Assignment: Reproduce, exactly and in full, the lines from the one with "THE SMARTEST GUYS IN THE ROOM by R.J. Matson" through the one with "Mazací hlavice trychtýřová" in the data below; drop pictures.

Dataset entries:
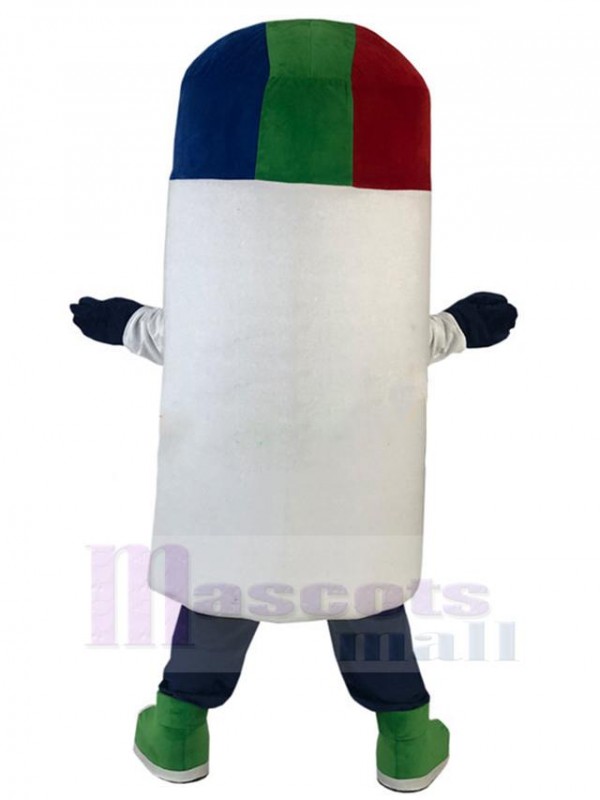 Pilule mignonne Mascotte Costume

--

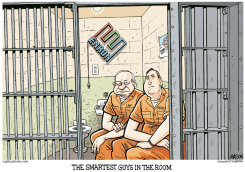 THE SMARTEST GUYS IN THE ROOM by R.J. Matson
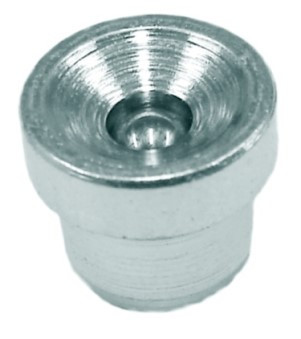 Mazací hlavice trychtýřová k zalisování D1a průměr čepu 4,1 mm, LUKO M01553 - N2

Solution to this exercise:
 THE SMARTEST GUYS IN THE ROOM by R.J. Matson
 Mazací hlavice trychtýřová k zalisování D1a průměr čepu 4,1 mm, LUKO M01553 - N2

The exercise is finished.